Error in Colab: ImplicitFunc is very large and grpc_status”:8

Greetings to the community!!

I am trying to grid search some parameters of my training function using ray tune.
The input data to train_cifar() used for training and testing are 2 lists of dimensions
400x13000 and 40x13000, respectively.

Due to size I cannot produce a reproducible example, but below I show three different
ways I have tried to ray tune my model.

In each case I receive the following error:

The actor ImplicitFunc is very large (95 MiB).
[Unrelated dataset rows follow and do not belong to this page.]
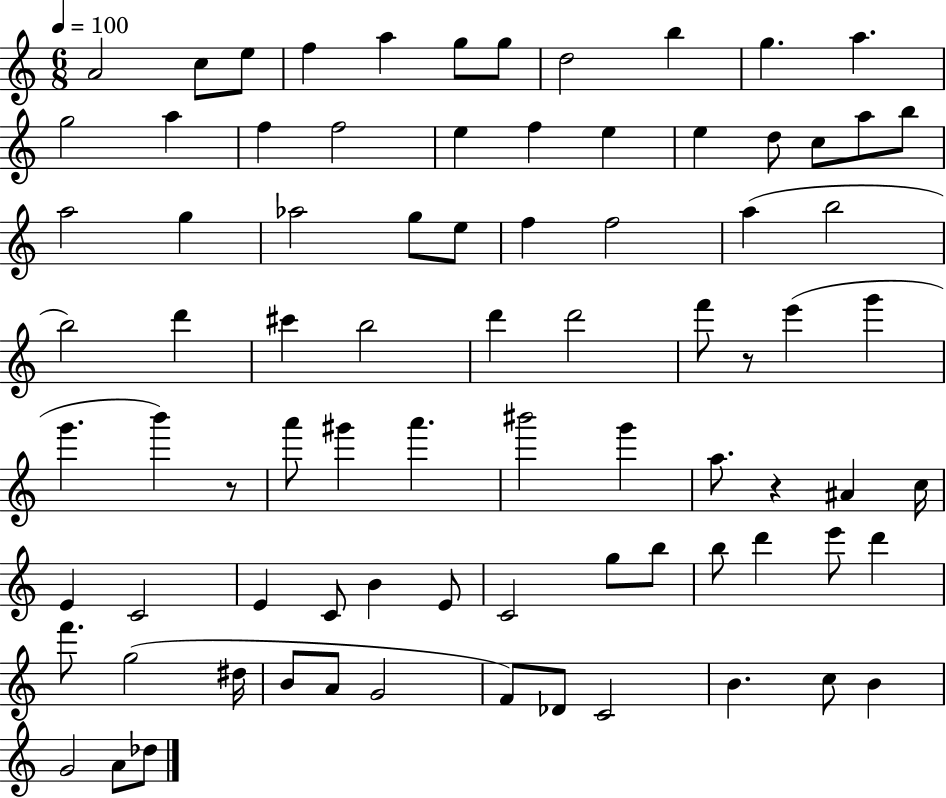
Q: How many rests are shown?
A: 3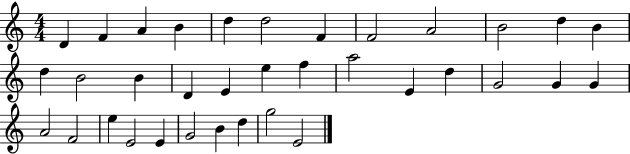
{
  \clef treble
  \numericTimeSignature
  \time 4/4
  \key c \major
  d'4 f'4 a'4 b'4 | d''4 d''2 f'4 | f'2 a'2 | b'2 d''4 b'4 | \break d''4 b'2 b'4 | d'4 e'4 e''4 f''4 | a''2 e'4 d''4 | g'2 g'4 g'4 | \break a'2 f'2 | e''4 e'2 e'4 | g'2 b'4 d''4 | g''2 e'2 | \break \bar "|."
}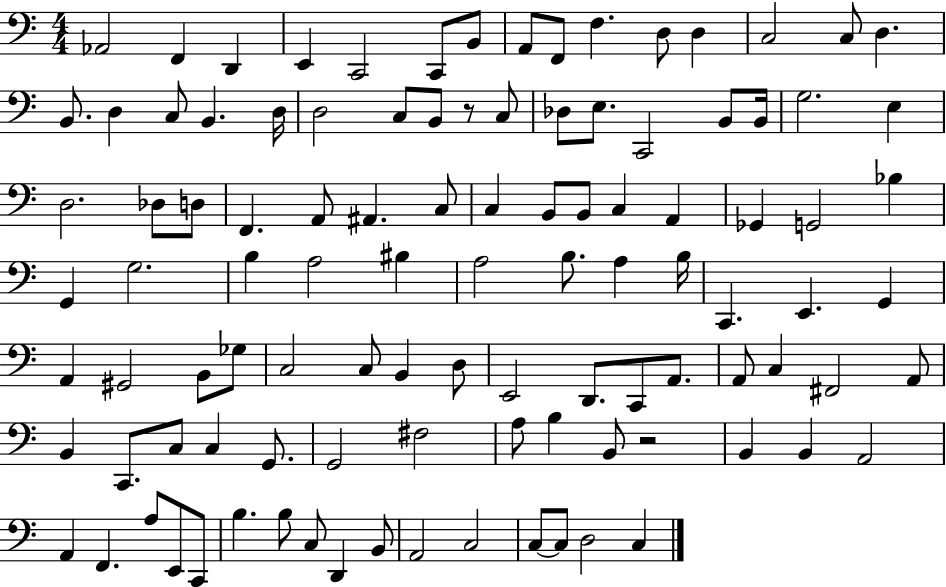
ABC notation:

X:1
T:Untitled
M:4/4
L:1/4
K:C
_A,,2 F,, D,, E,, C,,2 C,,/2 B,,/2 A,,/2 F,,/2 F, D,/2 D, C,2 C,/2 D, B,,/2 D, C,/2 B,, D,/4 D,2 C,/2 B,,/2 z/2 C,/2 _D,/2 E,/2 C,,2 B,,/2 B,,/4 G,2 E, D,2 _D,/2 D,/2 F,, A,,/2 ^A,, C,/2 C, B,,/2 B,,/2 C, A,, _G,, G,,2 _B, G,, G,2 B, A,2 ^B, A,2 B,/2 A, B,/4 C,, E,, G,, A,, ^G,,2 B,,/2 _G,/2 C,2 C,/2 B,, D,/2 E,,2 D,,/2 C,,/2 A,,/2 A,,/2 C, ^F,,2 A,,/2 B,, C,,/2 C,/2 C, G,,/2 G,,2 ^F,2 A,/2 B, B,,/2 z2 B,, B,, A,,2 A,, F,, A,/2 E,,/2 C,,/2 B, B,/2 C,/2 D,, B,,/2 A,,2 C,2 C,/2 C,/2 D,2 C,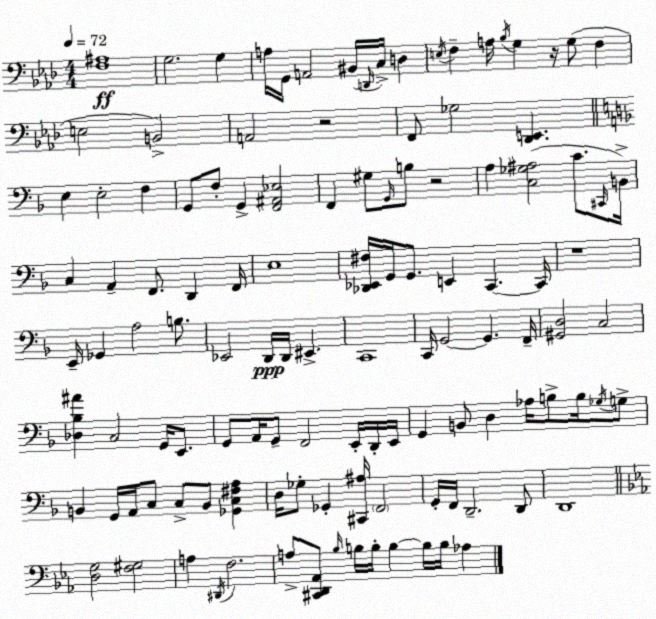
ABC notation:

X:1
T:Untitled
M:4/4
L:1/4
K:Fm
[F,^A,]4 G,2 G, A,/4 G,,/4 A,,2 ^B,,/4 D,,/4 C,/4 D, E,/4 F, A,/4 _B,/4 G, z/4 G,/2 F, E,2 B,,2 A,,2 z2 F,,/2 _G,2 [_D,,E,,] E, E,2 F, G,,/2 F,/2 G,, [F,,^A,,_E,]2 F,, ^G,/2 G,,/4 B,/2 z2 A, [C,_G,^A,]2 C/2 ^C,,/4 B,,/4 C, A,, F,,/2 D,, F,,/4 E,4 [_D,,_E,,^F,]/4 G,,/4 G,,/2 E,, C,, C,,/4 z4 E,,/4 _G,, A,2 B,/2 _E,,2 D,,/4 D,,/4 ^E,, C,,4 C,,/4 G,,2 G,, F,,/4 [^G,,D,]2 C,2 [_D,_B,^A] C,2 G,,/4 E,,/2 G,,/2 A,,/4 G,,/2 F,,2 E,,/4 D,,/4 E,,/4 G,, B,,/2 D, _A,/4 B,/2 B,/4 _G,/4 G,/2 B,, G,,/4 A,,/4 C,/2 C,/2 B,,/2 [_G,,C,^F,A,] D,/4 _G,/2 _G,, [^C,,^A,]/4 F,,2 G,,/4 F,,/4 D,,2 D,,/2 D,,4 [D,G,]2 [F,^G,]2 A, ^D,,/4 F,2 A,/2 [^C,,D,,_A,,]/2 _B,/4 B,/4 B,/4 B, B,/4 B,/4 _A,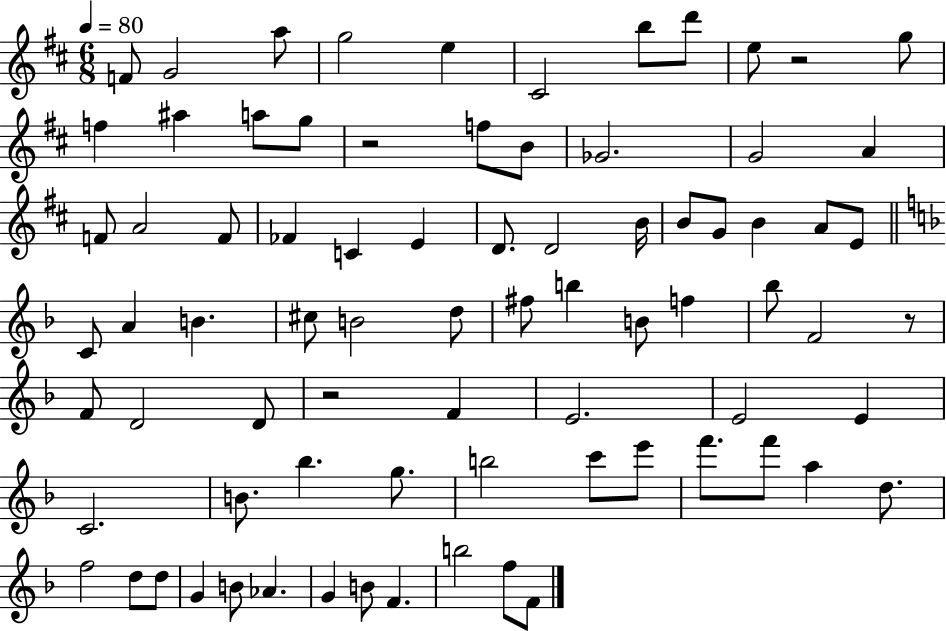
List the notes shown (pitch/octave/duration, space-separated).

F4/e G4/h A5/e G5/h E5/q C#4/h B5/e D6/e E5/e R/h G5/e F5/q A#5/q A5/e G5/e R/h F5/e B4/e Gb4/h. G4/h A4/q F4/e A4/h F4/e FES4/q C4/q E4/q D4/e. D4/h B4/s B4/e G4/e B4/q A4/e E4/e C4/e A4/q B4/q. C#5/e B4/h D5/e F#5/e B5/q B4/e F5/q Bb5/e F4/h R/e F4/e D4/h D4/e R/h F4/q E4/h. E4/h E4/q C4/h. B4/e. Bb5/q. G5/e. B5/h C6/e E6/e F6/e. F6/e A5/q D5/e. F5/h D5/e D5/e G4/q B4/e Ab4/q. G4/q B4/e F4/q. B5/h F5/e F4/e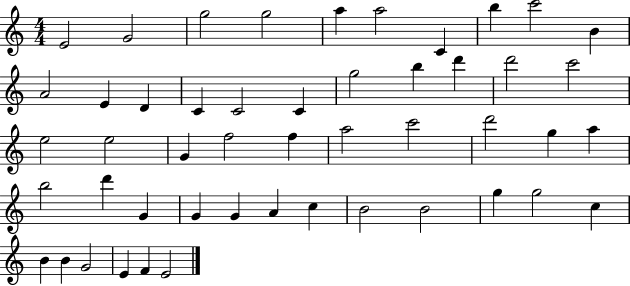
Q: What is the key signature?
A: C major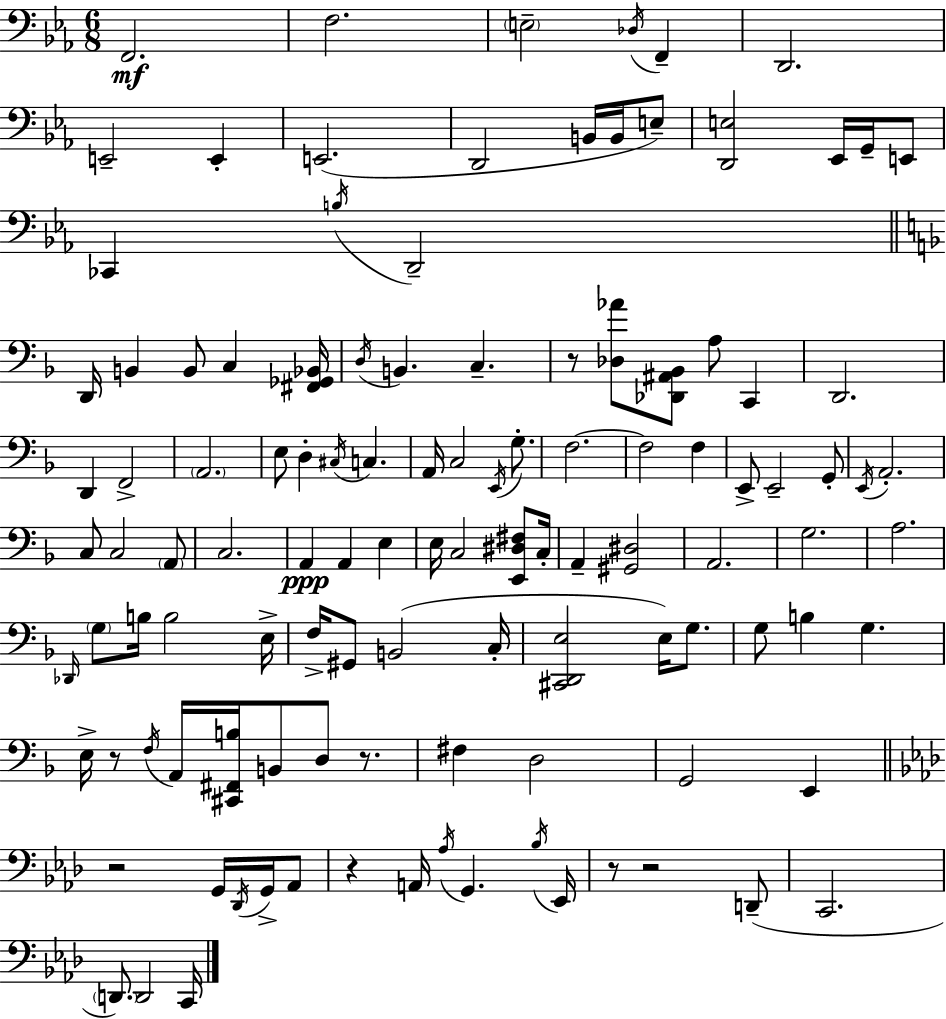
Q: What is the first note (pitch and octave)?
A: F2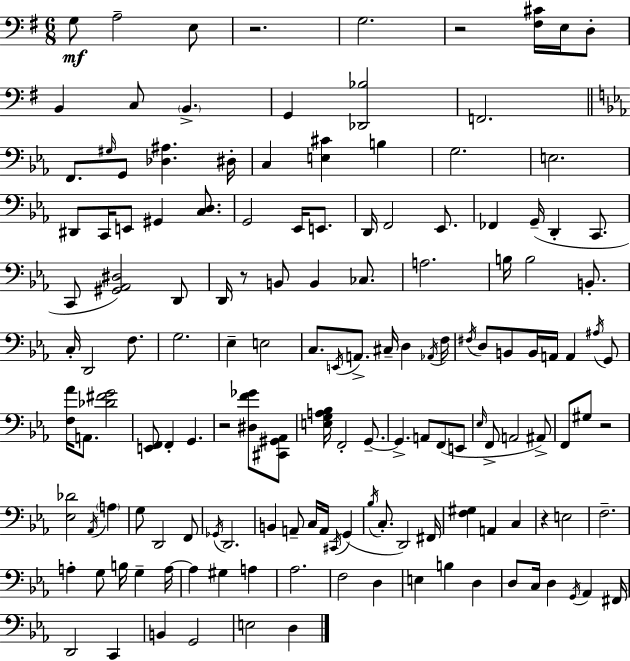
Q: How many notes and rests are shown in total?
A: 146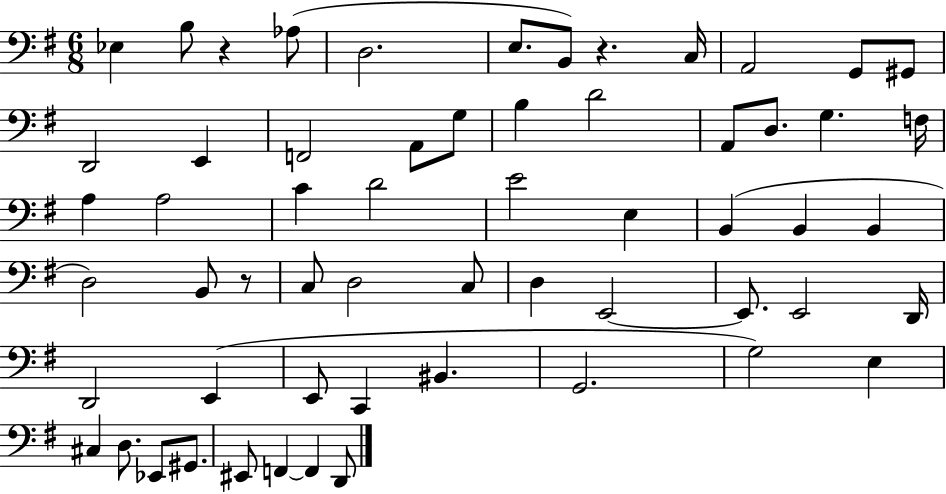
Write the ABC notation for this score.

X:1
T:Untitled
M:6/8
L:1/4
K:G
_E, B,/2 z _A,/2 D,2 E,/2 B,,/2 z C,/4 A,,2 G,,/2 ^G,,/2 D,,2 E,, F,,2 A,,/2 G,/2 B, D2 A,,/2 D,/2 G, F,/4 A, A,2 C D2 E2 E, B,, B,, B,, D,2 B,,/2 z/2 C,/2 D,2 C,/2 D, E,,2 E,,/2 E,,2 D,,/4 D,,2 E,, E,,/2 C,, ^B,, G,,2 G,2 E, ^C, D,/2 _E,,/2 ^G,,/2 ^E,,/2 F,, F,, D,,/2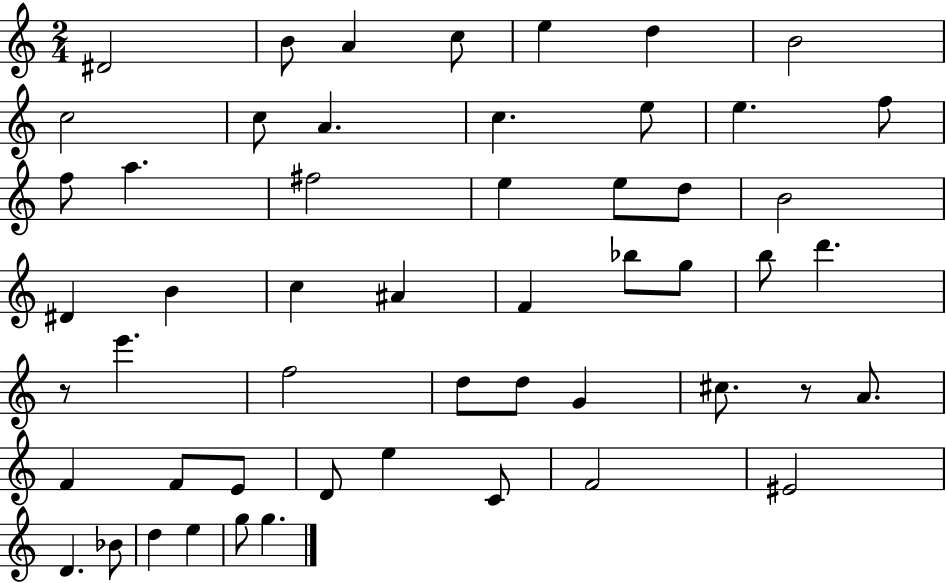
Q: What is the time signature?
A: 2/4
Check that its definition is not implicitly
capturing a large array or other object in scope. Tip: use ray.put() to put large objects
in the Ray object store.

or this one:

debug_error_string = “{“created”:”@1643300850.335447653",“description”:
“Error received from peer ipv4:172.28.0.2:45437”, “file”:“src/core/lib/surface/call.cc”, “file_line”:1074, “grpc_message”: “Received message larger than max (137418486 vs. 104857600)”,“grpc_status”:8}"

I don’t understand what the limit of 95 MiB is since my lists are really small.

Any ideas of what am I doing wrong?

I am running the following codes to google’s Colab.

Kostas

CODE I

def train_cifar(config, data = None, checkpoint_dir=None):
  X_scaled_train_tmp = config["data1"]
  X_scaled_train2 = ray.get(X_scaled_train_tmp)

  X_scaled_test_tmp = config["data2"]
  X_scaled_test2 = ray.get(X_scaled_test_tmp)

def tunerTrain():
      config = {
        "data1" : X_scaled_train1,
        "data2" : X_scaled_test1,        
      }          
      scheduler = ASHAScheduler(
              ...
          )
      reporter = CLIReporter(
              ...
          )
      result = tune.run(
              partial(train_cifar, data_dir=data_dir),  
              ...
          )

tunerTrain()

CODE II

X_scaled_train = ...
X_scaled_test = ...

ray.init()
X_scaled_train1 = ray.put(X_scaled_train)
X_scaled_test1 = ray.put(X_scaled_test)

def train_cifar(config, data = None, checkpoint_dir=None):
  
  X_scaled_train2 = ray.get(data[0])
  X_scaled_test2 = ray.get(data[2])

def tunerTrain():
      config = {
              ...        
      }          
      scheduler = ASHAScheduler(
              ...
          )
      reporter = CLIReporter(
              ...
          )
      result = tune.run(
               tune.with_parameters(train_cifar, data=[X_scaled_train1, X_scaled_train_trait, 
                                                       X_scaled_test1, X_scaled_test_trait]),
              ...
          )

tunerTrain()

CODE III

X_scaled_train = ...
X_scaled_test = ...

def train_cifar(config, data = None, checkpoint_dir=None):
  
  X_scaled_train2 = data[0]
  X_scaled_test2 = data[2]

def tunerTrain():
      config = {
              ...        
      }          
      scheduler = ASHAScheduler(
              ...
          )
      reporter = CLIReporter(
              ...
          )
      result = tune.run(
               tune.with_parameters(train_cifar, data=[X_scaled_train, X_scaled_train_trait, 
                                                       X_scaled_test, X_scaled_test_trait]),
              ...
          )

tunerTrain()

Hi there! I suspect that there’s probably a leak in your code implementation somewhere. Can you try making sure that wherever you create or put the data, you do it in tunerTrain()?

I suspect that you’re referencing X_scaled_train directly somewhere in train_cifar.